Entering Unicode Characters

Input methods for unicode characters in editors and the shell

Perl 6 allows the use of unicode characters as variable names. Many operators are defined with unicode symbols (in particular the set/bag operators) as well as some quoting constructs. Hence it is good to know how to enter these symbols into editors, the Perl 6 shell and the command line, especially if the symbols aren't available as actual characters on a keyboard.

General information about entering unicode under various operating systems and environments can be found on the Wikipedia unicode input page.

XCompose

Xorg includes digraph support using a Compose key . The default of AltGr + Shift can be remapped to something easier such as Capslock. In GNOME 2 and MATE this can be setup under Preferences → Keyboard → Layouts → Options → Position of Compose Key. So, for example, to input »+« you could type CAPSLOCK > > + CAPSLOCK < <

XCompose allows customising the digraph sequences using a .XCompose file and https://github.com/kragen/xcompose/blob/master/dotXCompose is an extremely complete one. In GNOME, XCompose was overridden and replaced with a hardcoded list, but it is possible to restore XCompose by setting GTK_IM_MODULE=xim in your environment. It might be necessary to install a xim bridge as well, such as uim-xim.

Editors and shells

Vim

In Vim, unicode characters are entered (in insert-mode) by pressing first Ctrl-V (also denoted ^V), then u and then the hexadecimal value of the unicode character to be entered. For example, the Greek letter λ (lambda) is entered via the key combination:

^Vu03BB

You can also use Ctrl-K/^K along with a digraph to type in some characters. So an alternative to the above using digraphs looks like this:

^Kl*

The list of digraphs Vim provides is documented here; you can add your own with the :digraph command.

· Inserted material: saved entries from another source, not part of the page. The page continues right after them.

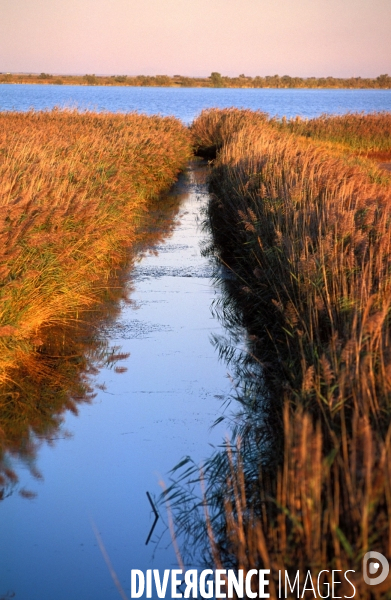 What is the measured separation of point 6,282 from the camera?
6602 mm

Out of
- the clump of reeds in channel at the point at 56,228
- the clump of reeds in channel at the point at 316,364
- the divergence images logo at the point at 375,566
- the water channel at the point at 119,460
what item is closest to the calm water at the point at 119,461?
the water channel at the point at 119,460

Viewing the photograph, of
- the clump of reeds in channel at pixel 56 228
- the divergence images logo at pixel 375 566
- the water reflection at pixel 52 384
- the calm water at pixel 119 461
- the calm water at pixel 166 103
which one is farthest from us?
the calm water at pixel 166 103

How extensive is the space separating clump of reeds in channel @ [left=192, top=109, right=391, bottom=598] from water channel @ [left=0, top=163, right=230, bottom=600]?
47 cm

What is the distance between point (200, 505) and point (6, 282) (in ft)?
9.96

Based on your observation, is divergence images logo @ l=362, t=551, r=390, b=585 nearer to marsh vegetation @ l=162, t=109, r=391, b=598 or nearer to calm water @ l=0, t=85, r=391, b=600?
marsh vegetation @ l=162, t=109, r=391, b=598

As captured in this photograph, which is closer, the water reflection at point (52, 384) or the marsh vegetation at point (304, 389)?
the marsh vegetation at point (304, 389)

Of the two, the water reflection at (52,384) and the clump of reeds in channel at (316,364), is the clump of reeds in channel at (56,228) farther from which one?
the clump of reeds in channel at (316,364)

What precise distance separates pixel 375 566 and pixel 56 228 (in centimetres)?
601

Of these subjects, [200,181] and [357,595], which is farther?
[200,181]

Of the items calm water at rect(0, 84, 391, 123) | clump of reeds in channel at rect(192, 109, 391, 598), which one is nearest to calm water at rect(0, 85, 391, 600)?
clump of reeds in channel at rect(192, 109, 391, 598)

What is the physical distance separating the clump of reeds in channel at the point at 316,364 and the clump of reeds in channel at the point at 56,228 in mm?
1767

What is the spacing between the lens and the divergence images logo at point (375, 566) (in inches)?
104

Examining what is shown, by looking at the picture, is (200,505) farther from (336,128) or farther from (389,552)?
(336,128)

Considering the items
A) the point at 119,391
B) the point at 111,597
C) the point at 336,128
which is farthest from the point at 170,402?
the point at 336,128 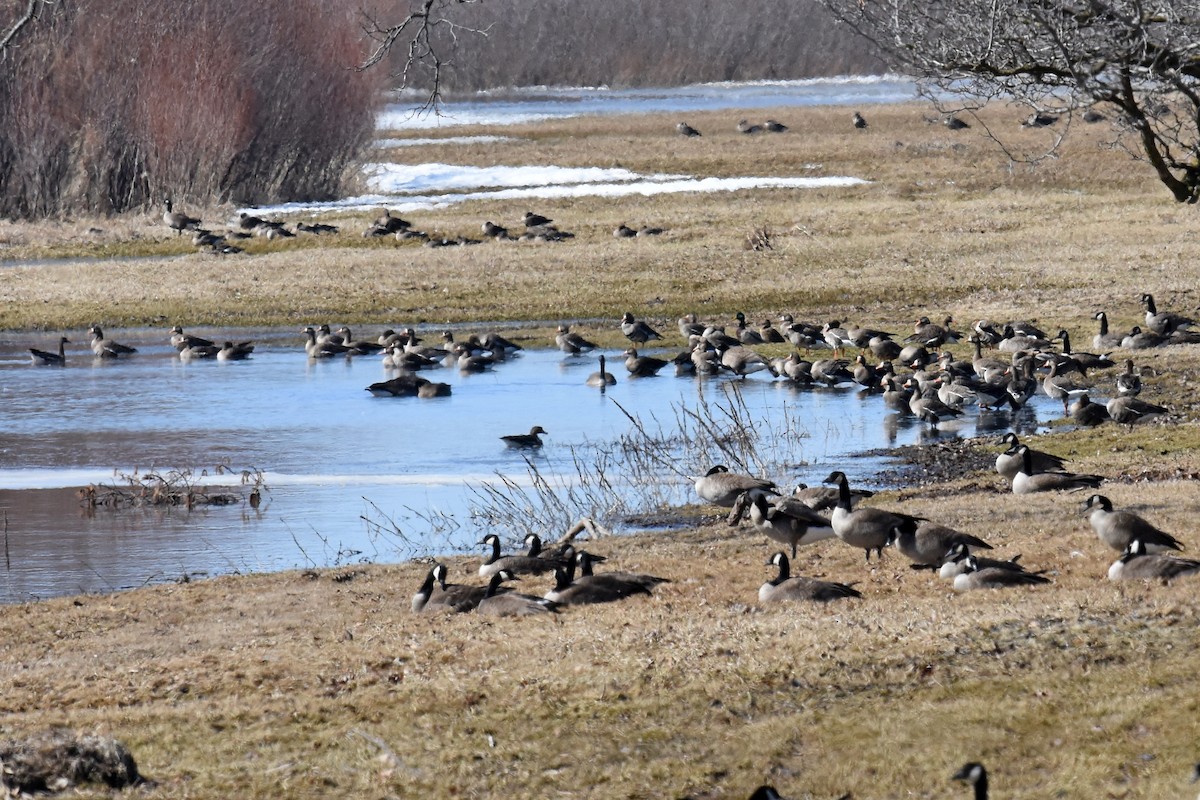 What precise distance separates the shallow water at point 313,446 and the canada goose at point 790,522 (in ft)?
12.3

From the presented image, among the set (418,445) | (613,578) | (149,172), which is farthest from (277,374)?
(149,172)

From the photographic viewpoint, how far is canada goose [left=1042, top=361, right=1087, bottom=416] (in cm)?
2284

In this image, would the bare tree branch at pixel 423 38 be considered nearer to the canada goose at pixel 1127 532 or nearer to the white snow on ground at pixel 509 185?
the canada goose at pixel 1127 532

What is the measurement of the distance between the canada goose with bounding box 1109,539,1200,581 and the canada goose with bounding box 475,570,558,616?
4244 millimetres

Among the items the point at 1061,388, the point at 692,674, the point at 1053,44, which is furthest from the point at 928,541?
the point at 1061,388

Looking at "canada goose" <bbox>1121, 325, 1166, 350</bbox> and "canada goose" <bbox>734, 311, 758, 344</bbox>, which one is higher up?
"canada goose" <bbox>1121, 325, 1166, 350</bbox>

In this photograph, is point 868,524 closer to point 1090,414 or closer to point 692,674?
point 692,674

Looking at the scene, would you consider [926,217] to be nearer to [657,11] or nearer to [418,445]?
[418,445]

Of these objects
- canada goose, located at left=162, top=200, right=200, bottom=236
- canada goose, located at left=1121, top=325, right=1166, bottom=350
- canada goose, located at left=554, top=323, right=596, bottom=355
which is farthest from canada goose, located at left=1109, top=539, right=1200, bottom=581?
canada goose, located at left=162, top=200, right=200, bottom=236

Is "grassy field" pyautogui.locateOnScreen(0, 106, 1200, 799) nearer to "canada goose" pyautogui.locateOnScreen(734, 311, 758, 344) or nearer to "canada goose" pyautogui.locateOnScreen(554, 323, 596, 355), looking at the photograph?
"canada goose" pyautogui.locateOnScreen(734, 311, 758, 344)

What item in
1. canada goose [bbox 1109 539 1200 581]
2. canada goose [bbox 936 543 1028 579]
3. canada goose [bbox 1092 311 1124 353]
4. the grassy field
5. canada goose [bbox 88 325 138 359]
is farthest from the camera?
canada goose [bbox 88 325 138 359]

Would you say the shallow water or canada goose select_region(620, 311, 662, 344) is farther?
canada goose select_region(620, 311, 662, 344)

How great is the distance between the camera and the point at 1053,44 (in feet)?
43.7

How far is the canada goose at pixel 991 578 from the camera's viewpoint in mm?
11164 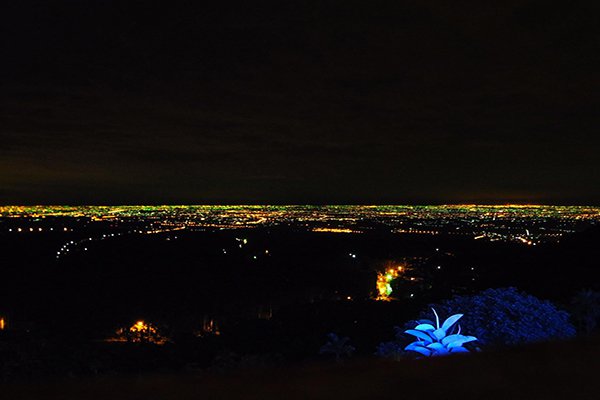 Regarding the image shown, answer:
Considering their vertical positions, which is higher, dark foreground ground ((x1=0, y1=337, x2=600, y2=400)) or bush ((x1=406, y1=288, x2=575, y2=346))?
dark foreground ground ((x1=0, y1=337, x2=600, y2=400))

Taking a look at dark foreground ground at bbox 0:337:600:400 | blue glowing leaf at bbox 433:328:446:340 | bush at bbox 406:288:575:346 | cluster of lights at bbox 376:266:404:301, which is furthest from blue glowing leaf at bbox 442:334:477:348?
cluster of lights at bbox 376:266:404:301

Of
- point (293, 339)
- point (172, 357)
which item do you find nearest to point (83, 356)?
point (172, 357)

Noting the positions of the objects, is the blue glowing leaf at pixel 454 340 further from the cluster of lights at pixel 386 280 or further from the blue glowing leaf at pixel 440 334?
the cluster of lights at pixel 386 280

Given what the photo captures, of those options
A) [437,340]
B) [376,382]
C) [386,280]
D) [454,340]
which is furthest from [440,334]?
[386,280]

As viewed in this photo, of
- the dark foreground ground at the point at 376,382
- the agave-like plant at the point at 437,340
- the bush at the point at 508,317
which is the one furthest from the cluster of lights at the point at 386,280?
the dark foreground ground at the point at 376,382

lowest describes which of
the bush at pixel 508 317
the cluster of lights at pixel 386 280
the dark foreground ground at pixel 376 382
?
the cluster of lights at pixel 386 280

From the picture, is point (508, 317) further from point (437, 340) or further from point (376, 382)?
point (376, 382)

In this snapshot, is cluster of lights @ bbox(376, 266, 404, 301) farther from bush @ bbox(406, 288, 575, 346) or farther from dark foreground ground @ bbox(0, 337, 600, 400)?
dark foreground ground @ bbox(0, 337, 600, 400) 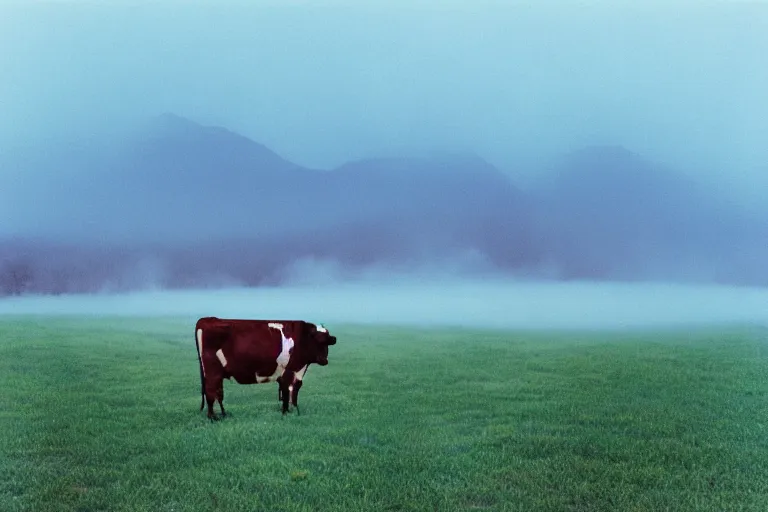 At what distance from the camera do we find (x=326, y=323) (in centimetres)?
459

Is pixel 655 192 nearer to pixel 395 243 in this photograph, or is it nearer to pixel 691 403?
pixel 691 403

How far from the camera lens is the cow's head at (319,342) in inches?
169

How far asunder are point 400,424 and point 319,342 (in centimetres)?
73

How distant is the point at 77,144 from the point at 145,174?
582 millimetres

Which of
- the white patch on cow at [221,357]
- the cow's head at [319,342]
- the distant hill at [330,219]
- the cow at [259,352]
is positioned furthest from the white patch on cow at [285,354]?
the distant hill at [330,219]

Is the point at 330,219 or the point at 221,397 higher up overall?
the point at 330,219

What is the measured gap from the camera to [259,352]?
14.0ft

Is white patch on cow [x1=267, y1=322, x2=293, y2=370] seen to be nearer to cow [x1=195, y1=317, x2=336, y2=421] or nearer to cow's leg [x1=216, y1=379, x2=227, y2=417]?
cow [x1=195, y1=317, x2=336, y2=421]

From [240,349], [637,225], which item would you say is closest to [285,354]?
[240,349]

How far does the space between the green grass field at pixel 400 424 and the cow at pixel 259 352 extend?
14 cm

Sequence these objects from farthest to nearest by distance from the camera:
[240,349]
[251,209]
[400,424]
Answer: [251,209] < [240,349] < [400,424]

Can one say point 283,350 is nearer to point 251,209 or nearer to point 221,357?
point 221,357

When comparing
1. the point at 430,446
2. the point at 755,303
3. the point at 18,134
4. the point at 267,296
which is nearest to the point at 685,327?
the point at 755,303

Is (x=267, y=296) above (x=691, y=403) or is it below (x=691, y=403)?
above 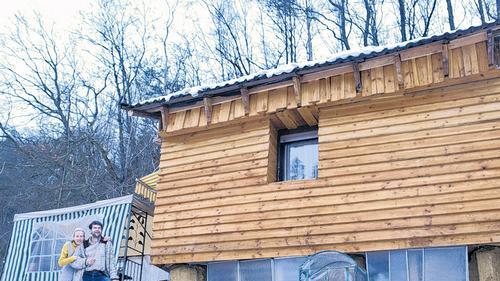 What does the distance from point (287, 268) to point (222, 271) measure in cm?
139

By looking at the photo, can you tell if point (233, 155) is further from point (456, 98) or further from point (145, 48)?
point (145, 48)

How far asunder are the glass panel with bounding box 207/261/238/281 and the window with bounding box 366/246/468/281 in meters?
2.57

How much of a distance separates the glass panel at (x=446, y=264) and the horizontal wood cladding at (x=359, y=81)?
2918 mm

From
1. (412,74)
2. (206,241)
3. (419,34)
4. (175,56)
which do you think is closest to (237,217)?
(206,241)

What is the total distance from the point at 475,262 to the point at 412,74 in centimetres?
338

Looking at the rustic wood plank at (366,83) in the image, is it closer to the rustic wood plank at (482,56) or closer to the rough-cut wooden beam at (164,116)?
the rustic wood plank at (482,56)

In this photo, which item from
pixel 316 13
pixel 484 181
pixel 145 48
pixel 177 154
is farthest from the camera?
pixel 145 48

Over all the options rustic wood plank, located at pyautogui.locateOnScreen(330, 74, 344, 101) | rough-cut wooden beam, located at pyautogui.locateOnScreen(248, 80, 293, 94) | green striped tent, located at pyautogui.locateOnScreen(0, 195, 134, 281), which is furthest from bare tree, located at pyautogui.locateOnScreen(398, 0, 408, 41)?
green striped tent, located at pyautogui.locateOnScreen(0, 195, 134, 281)

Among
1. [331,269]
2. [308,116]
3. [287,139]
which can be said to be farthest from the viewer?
[287,139]

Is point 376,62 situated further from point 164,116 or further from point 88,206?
point 88,206

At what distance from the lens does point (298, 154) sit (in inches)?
442

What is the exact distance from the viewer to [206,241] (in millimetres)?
10812

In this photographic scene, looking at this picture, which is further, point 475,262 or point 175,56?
point 175,56

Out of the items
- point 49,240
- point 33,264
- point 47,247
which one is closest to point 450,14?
point 49,240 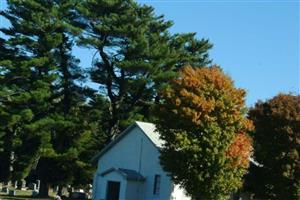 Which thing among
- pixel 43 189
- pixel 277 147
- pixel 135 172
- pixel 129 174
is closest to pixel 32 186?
pixel 43 189

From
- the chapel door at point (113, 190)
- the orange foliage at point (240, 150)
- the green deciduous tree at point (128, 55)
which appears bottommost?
the chapel door at point (113, 190)

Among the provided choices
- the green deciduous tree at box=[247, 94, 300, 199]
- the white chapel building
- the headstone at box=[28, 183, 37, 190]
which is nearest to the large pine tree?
the white chapel building

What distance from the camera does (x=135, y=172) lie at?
4581 cm

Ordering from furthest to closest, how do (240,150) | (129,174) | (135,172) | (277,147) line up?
→ 1. (135,172)
2. (129,174)
3. (277,147)
4. (240,150)

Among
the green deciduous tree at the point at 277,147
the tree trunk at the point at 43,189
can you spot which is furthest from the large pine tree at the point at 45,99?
the green deciduous tree at the point at 277,147

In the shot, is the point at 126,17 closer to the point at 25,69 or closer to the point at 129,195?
the point at 25,69

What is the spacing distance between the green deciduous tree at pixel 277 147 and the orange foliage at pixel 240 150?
2772 millimetres

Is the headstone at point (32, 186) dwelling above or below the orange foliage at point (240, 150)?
below

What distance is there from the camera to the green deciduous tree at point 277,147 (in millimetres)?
40719

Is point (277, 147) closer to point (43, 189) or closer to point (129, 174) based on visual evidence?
point (129, 174)

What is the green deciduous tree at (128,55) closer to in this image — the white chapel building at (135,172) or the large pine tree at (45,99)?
the large pine tree at (45,99)

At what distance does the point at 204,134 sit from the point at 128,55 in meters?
22.7

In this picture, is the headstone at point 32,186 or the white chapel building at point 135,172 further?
the headstone at point 32,186

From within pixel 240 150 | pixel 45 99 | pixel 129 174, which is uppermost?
pixel 45 99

Further information about entering special characters in Vim can be found on the Vim Wikia page about entering special characters.

Emacs

In Emacs, unicode characters are entered by first entering the chord C-x 8 RET at which point the text Unicode (name or hex): appears in the minibuffer. One then enters the unicode code point hexadecimal number followed by the enter key. The unicode character will now appear in the document. Thus, to enter the Greek letter λ (lambda), one uses the following key combination:

C-x 8 RET 3bb RET

Further information about unicode and its entry into Emacs can be found on the Unicode Encoding Emacs wiki page.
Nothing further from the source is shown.